• What is expected
Only the lines in the entries below from the line with "A foto mostra" to the line with "Dr. Michael Emusugut", both included, belong in the answer, transcribed exactly and without pictures.

• Short web captions
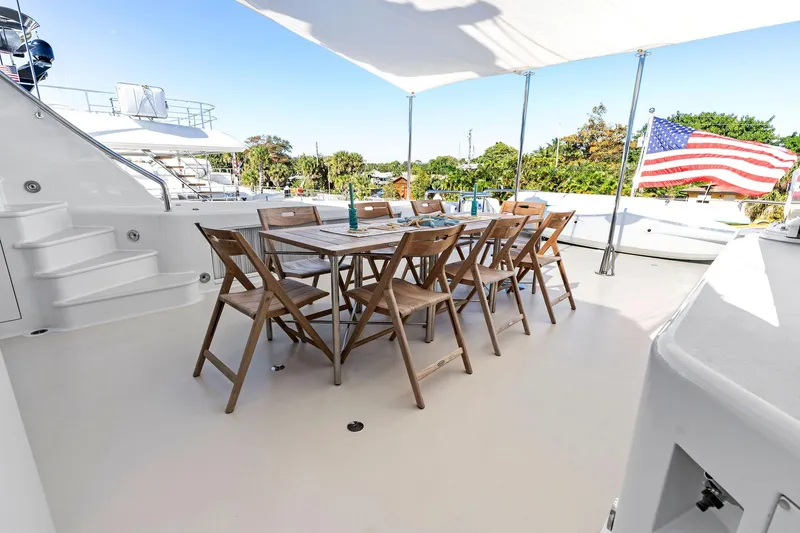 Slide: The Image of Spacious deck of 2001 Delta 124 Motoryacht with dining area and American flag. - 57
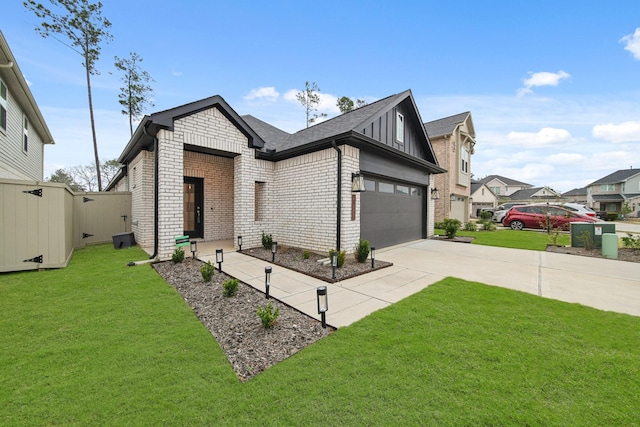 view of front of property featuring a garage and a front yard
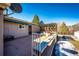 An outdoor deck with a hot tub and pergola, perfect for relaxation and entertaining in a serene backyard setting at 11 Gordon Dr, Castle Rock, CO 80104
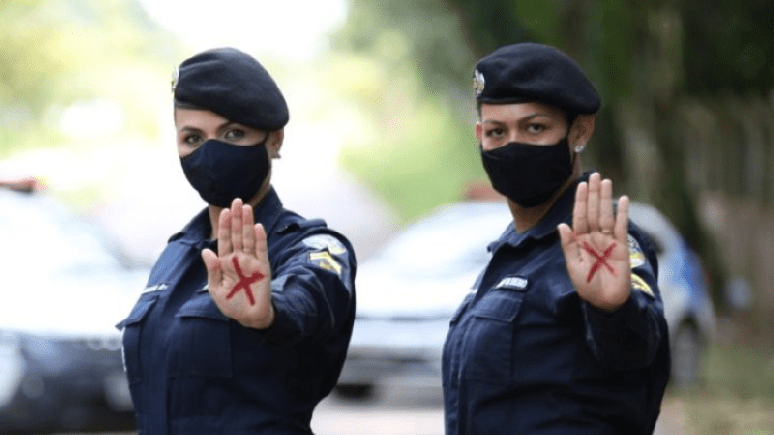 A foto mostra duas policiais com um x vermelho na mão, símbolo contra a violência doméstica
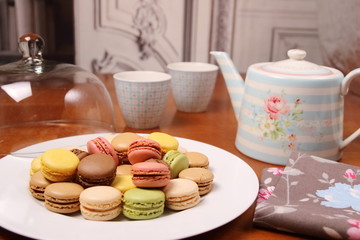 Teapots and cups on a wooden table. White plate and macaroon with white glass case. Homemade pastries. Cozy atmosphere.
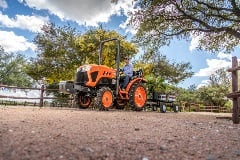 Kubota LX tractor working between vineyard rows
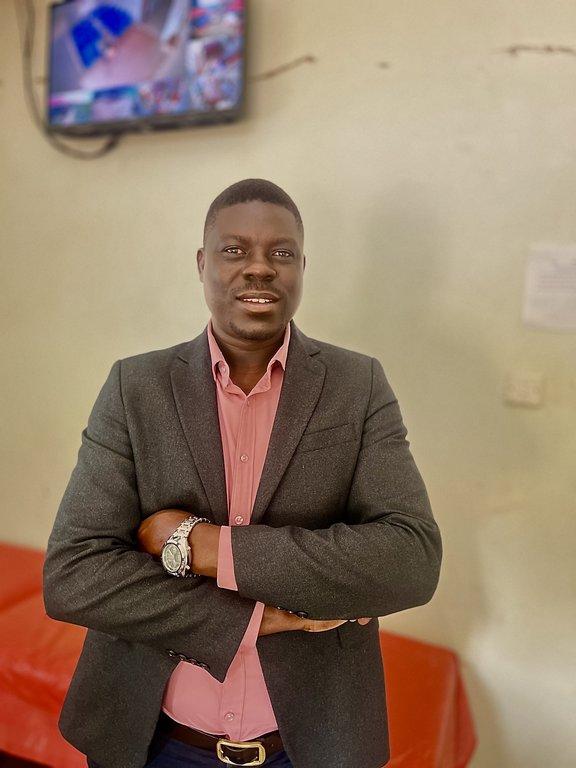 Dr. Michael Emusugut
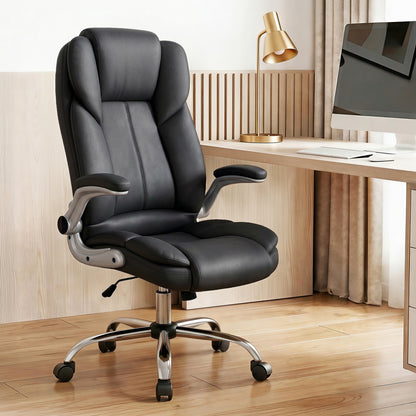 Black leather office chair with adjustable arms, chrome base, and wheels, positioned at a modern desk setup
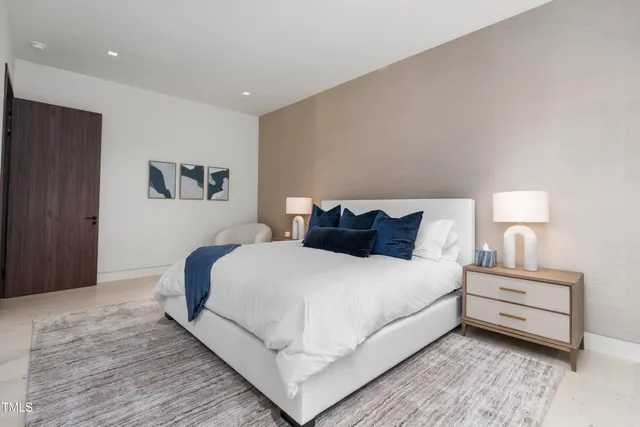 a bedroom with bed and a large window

• Finished exercise
 A foto mostra duas policiais com um x vermelho na mão, símbolo contra a violência doméstica
 Teapots and cups on a wooden table. White plate and macaroon with white glass case. Homemade pastries. Cozy atmosphere.
 Kubota LX tractor working between vineyard rows
 Dr. Michael Emusugut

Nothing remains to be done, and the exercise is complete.